Material provided:
———
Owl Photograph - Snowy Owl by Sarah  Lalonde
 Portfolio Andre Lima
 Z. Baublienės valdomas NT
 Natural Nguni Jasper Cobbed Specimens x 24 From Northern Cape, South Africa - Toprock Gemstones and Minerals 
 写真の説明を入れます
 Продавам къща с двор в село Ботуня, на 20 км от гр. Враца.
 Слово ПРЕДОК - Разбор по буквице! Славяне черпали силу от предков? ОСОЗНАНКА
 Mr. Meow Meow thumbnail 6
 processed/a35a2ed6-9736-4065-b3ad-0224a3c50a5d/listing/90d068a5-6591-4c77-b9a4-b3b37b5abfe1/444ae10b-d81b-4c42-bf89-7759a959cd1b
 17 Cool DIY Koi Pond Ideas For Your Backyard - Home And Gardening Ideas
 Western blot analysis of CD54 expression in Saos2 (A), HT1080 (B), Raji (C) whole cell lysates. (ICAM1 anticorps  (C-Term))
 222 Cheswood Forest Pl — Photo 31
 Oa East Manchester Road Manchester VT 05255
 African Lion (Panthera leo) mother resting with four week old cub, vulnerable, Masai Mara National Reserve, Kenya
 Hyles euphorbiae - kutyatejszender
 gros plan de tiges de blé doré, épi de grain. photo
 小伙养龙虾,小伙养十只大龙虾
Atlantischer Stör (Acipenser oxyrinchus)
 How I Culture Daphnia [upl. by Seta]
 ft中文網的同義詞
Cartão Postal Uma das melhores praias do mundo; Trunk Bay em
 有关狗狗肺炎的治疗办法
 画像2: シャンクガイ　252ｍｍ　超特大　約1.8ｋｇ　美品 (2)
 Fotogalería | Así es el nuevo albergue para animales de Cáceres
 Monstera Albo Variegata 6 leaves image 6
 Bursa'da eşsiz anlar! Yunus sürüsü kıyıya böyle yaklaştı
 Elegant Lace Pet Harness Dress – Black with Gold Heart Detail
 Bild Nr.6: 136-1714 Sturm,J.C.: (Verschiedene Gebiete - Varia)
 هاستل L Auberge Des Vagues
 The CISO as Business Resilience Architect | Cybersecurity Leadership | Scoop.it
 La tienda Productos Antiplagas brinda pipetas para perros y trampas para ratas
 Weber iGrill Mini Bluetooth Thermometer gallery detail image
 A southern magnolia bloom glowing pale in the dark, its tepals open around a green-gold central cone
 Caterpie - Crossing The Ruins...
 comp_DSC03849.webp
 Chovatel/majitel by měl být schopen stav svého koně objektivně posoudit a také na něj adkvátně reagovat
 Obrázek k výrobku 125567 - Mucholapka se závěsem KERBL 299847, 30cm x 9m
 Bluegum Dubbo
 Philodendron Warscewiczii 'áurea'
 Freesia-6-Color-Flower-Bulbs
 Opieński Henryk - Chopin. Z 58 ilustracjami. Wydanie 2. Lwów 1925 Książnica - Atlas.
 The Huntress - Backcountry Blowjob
———
Aim of the exercise: Report only how many lines above include "image".

Solution for this task: 2